Mit großer Entschlossenheit und Ausdauer beharrte Mario Draghi auf der EZB-Politik, indem er viel mehr als Beschützer des Währungssystems und der Stabilität agierte, denn als Retter einzelner Staaten ideologischen Vorgaben den Weg zu ebnen. Er ist immer ein großer Unterstützer Europas und des Euros gewesen und hat jede Gelegenheit ergriffen, die Vorteile dieses alleinigen Weges für uns alle hochzuhalten. Er unterstreicht unaufhörlich dessen fundamentalen Wert – Stabilität – angesichts antieuropäischen Populismus in verschiedenen Nationen, eingeschlossen unglücklicherweise Italiens, dessen Regierung sogar in jüngster Vergangenheit betroffen war.
Einer der wichtigsten herauszuhebenden Gesichtspunkte ist, dass Teile der Dysfunktion des europäischen Geldmarkts nicht völlig Schuld der einzelnen Nationen ist, sondern auch Ergebnis der Dysfunktion des europäischen Systems als Ganzes. Der innovative Weg, der die EZB als Verteidiger des Systems sieht, der einschreitet, um Unausgewogenheiten zu beseitigen, hat einen grundsätzlich abschreckenden Effekt auf die Märkte.

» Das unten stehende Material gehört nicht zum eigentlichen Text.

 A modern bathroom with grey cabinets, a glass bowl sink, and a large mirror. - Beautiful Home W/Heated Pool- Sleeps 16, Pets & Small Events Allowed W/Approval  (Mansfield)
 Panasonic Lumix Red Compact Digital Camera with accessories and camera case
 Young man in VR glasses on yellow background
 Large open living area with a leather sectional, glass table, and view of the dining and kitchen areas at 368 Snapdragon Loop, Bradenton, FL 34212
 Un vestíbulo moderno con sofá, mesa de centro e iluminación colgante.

Ich möchte mit Nachdruck die Bedeutung der Verteidigung der Integrität der Eurozone bis zum Äußersten, ohne Pna B oder C, unterstreichen, denn niemand kann nur annähernd ernsthafte Schätzungen über die Folgen oder die Kosten anstellen, die das mit sich brächte.

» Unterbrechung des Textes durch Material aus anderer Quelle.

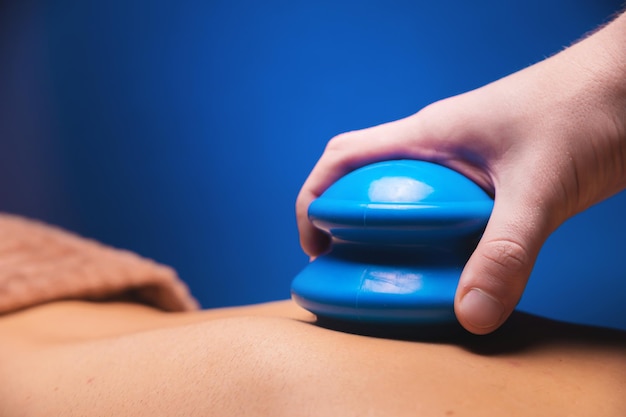 Foto el concepto de una mano de cuerpo saludable poniendo un frasco de goma azul para el masaje en la espalda de un hombre en primer plano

Der couragierte und ausgewogene Mario von heute ist dieselbe Person, die ich seit unserer Schulzeit kenne. Als wir seinerzeit miteinander scherzten und Sport trieben, hätten wir uns wohl niemals vorstellen können, uns bei so einem wundervollen und bedeutsamen Abend wie diesem zu begegnen. Ausgefüllt nicht nur mit allzu verständlichem italienischem Stolz und großer gegenseitiger Zuneigung, sondern auch dem Wunsch, in unseren verschiedenen Rollen den Aufbau des großen europäischen Traums voranzubringen. Einen Traum, der nicht länger warten kann.
Vielen Dank.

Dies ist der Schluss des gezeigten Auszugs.